━━ DATASET CONTENT

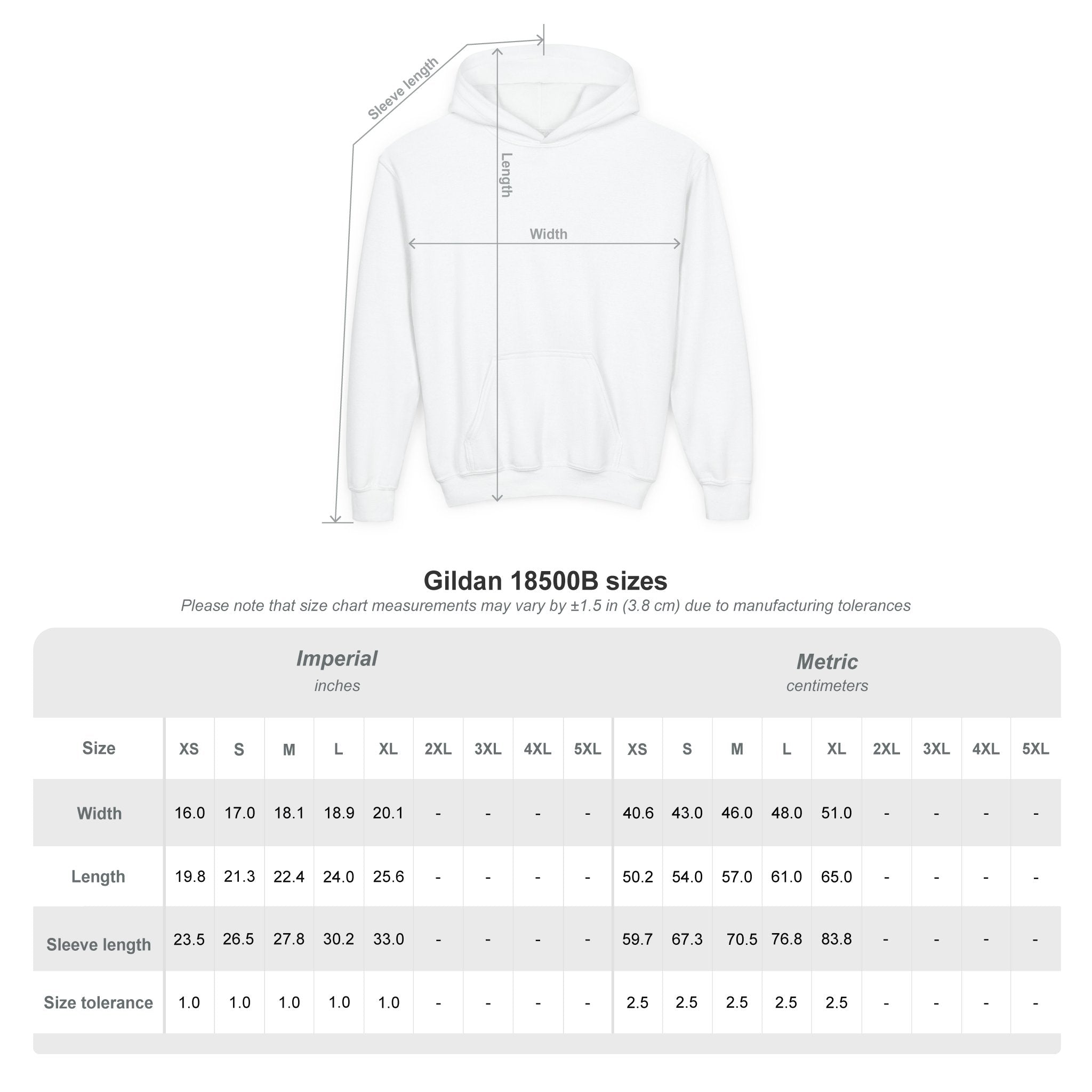 Fire & Ice Guppy – Kids "Neon Flare" Fleece Hoodie
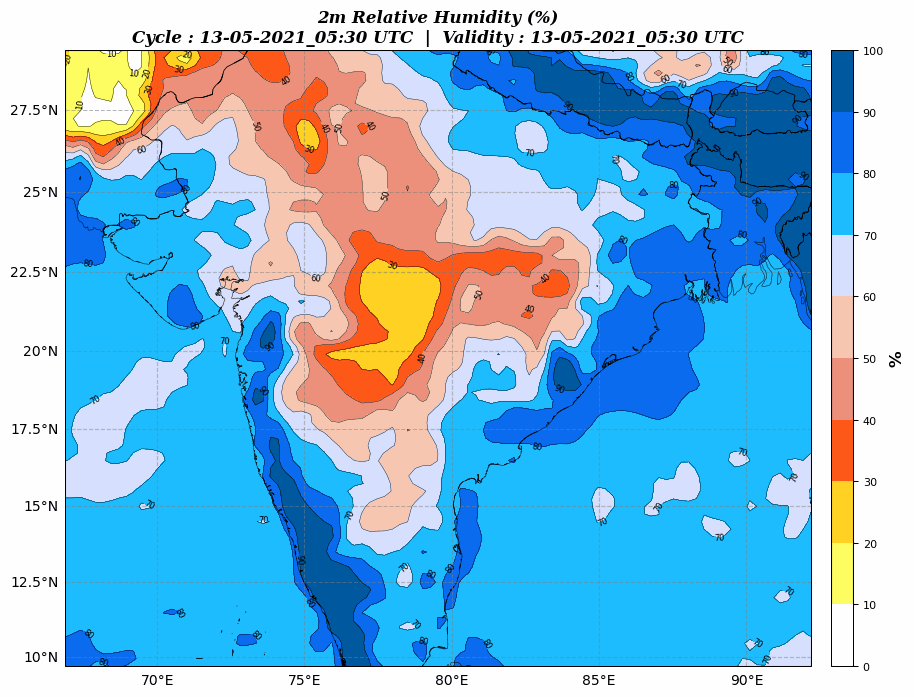Animated GIF of 2m Relative Humidity
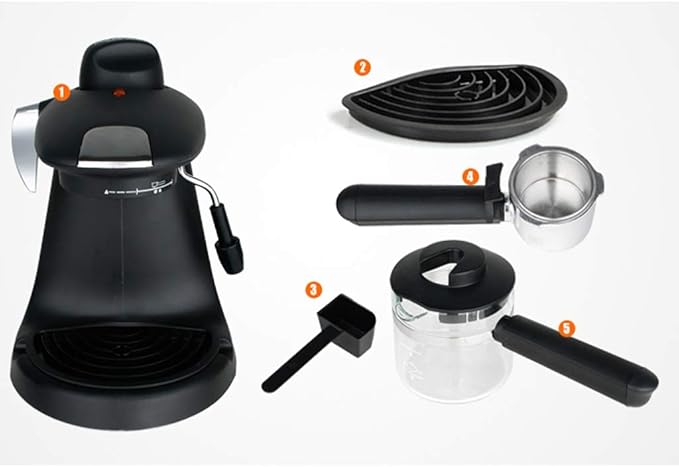 Cafetera Semi Automática Vapor 730W Negra miniatura 9
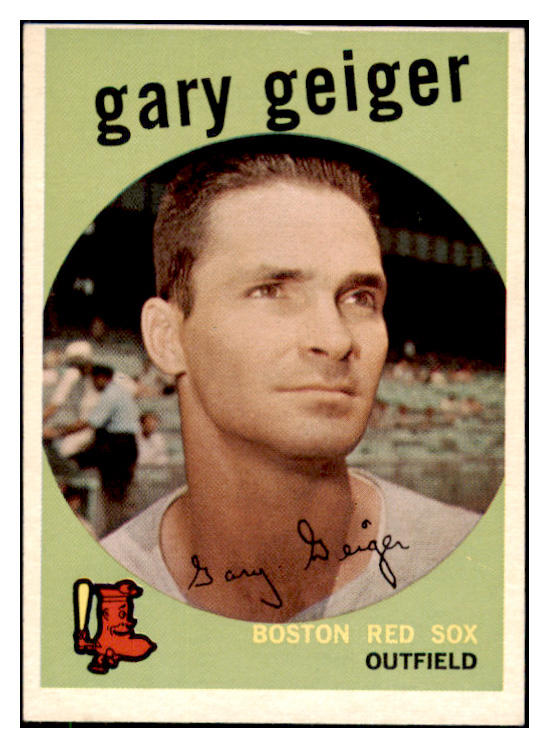 1959 Topps Baseball #521 Gary Geiger Red Sox VG-EX 507391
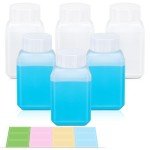 UMETASS 2oz Leak Proof Plastic Bottles (6 Pack)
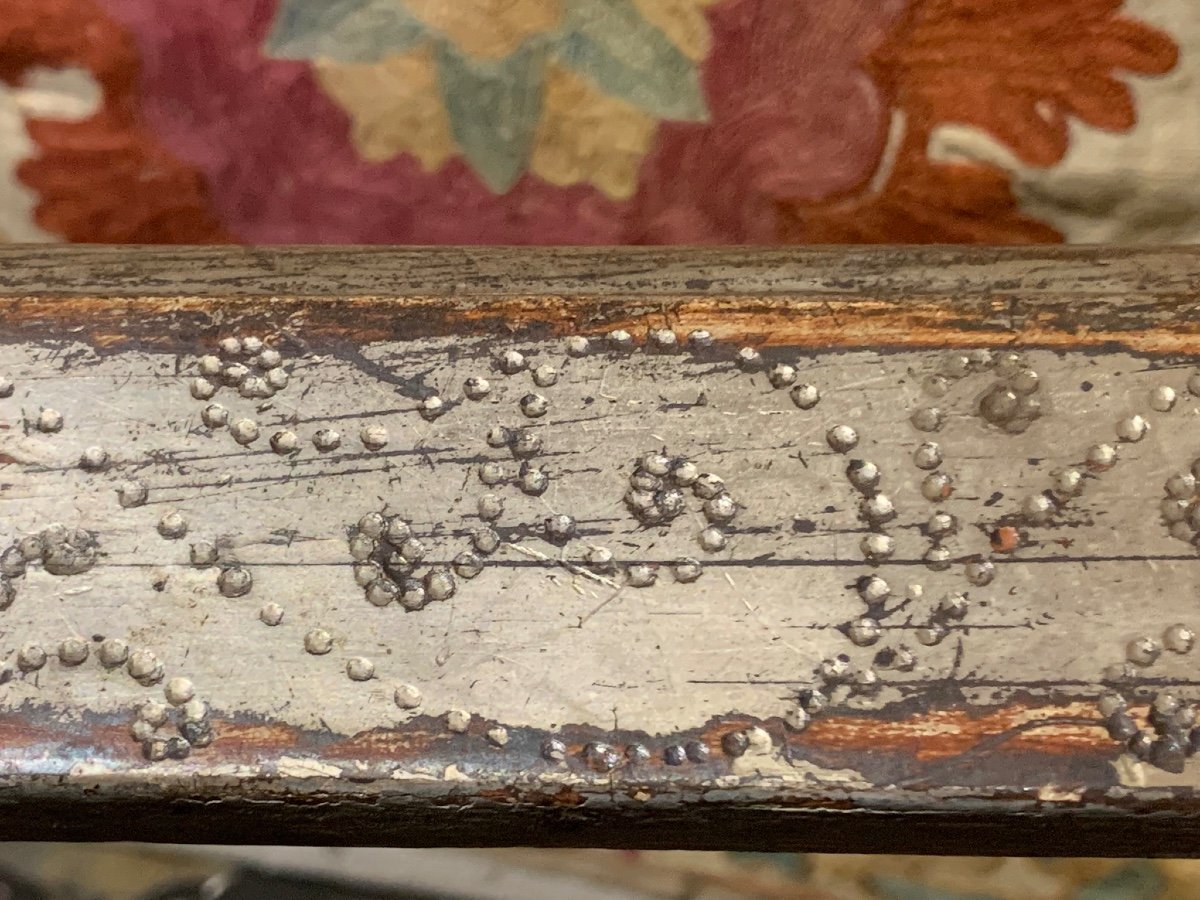 Un Lutrin De Table (pupitre De Livre) Ciselé Et Argent Doré, Italie, XVIIIe Siècle -photo-2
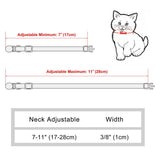 Quick Release Breakaway Nylon Personalized Cat Collar-Wiggleez-Red-S-Wiggleez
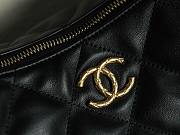 Chanel Hobo Lambskin Black 30x37x8cm - 6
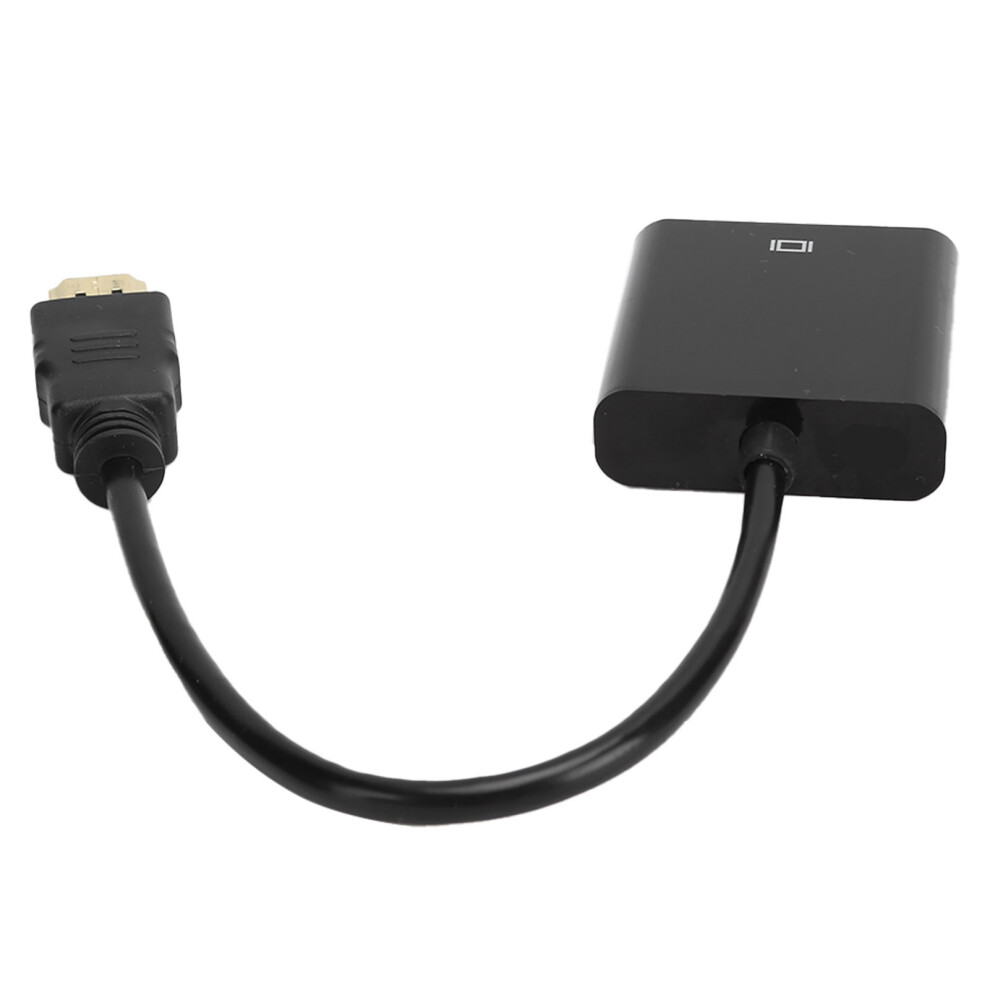 Hd Multimedia Interface To Vga Cable Converter For Pc Laptop Projector Black 7661358725880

━━━━

* **TASK BRIEF**: Without the pictures, return the listing above from its first line through the line that has "UMETASS 2oz Leak".

* **TASK SOLUTION**:
 Fire & Ice Guppy – Kids "Neon Flare" Fleece Hoodie
Animated GIF of 2m Relative Humidity
 Cafetera Semi Automática Vapor 730W Negra miniatura 9
 1959 Topps Baseball #521 Gary Geiger Red Sox VG-EX 507391
 UMETASS 2oz Leak Proof Plastic Bottles (6 Pack)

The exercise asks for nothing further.